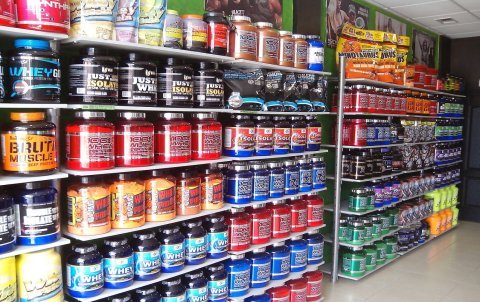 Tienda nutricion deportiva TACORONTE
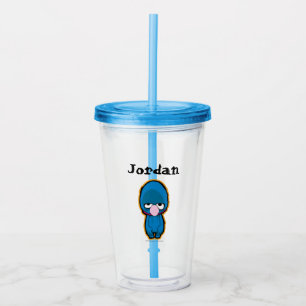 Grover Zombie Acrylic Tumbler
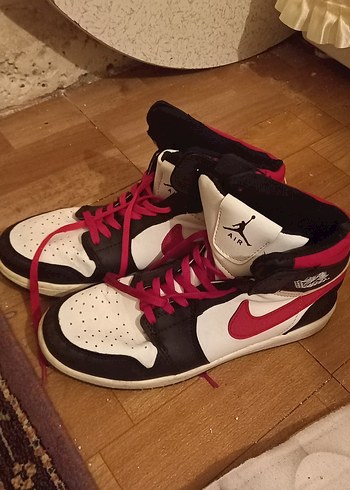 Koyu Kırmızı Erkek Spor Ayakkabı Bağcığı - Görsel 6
* * *
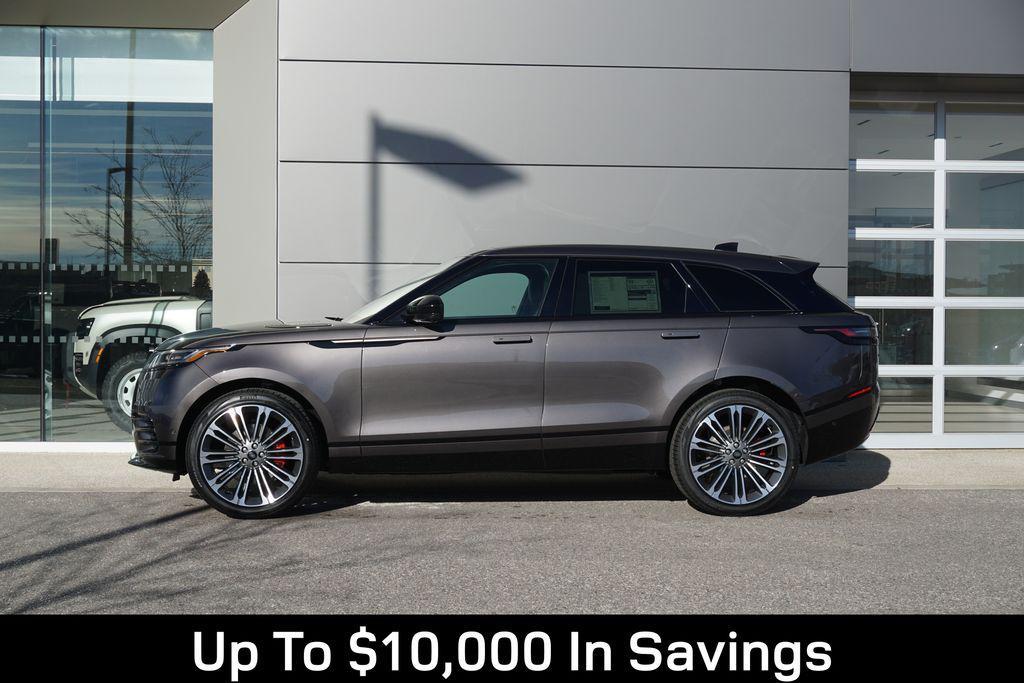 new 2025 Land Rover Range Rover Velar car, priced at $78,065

### Task
From the material above, give again exactly the lines from the one that contains "Tienda nutricion deportiva TACORONTE" through the one that contains "Koyu Kırmızı Erkek", and leave out the pictures.

### Response to this task
 Tienda nutricion deportiva TACORONTE
 Grover Zombie Acrylic Tumbler
 Koyu Kırmızı Erkek Spor Ayakkabı Bağcığı - Görsel 6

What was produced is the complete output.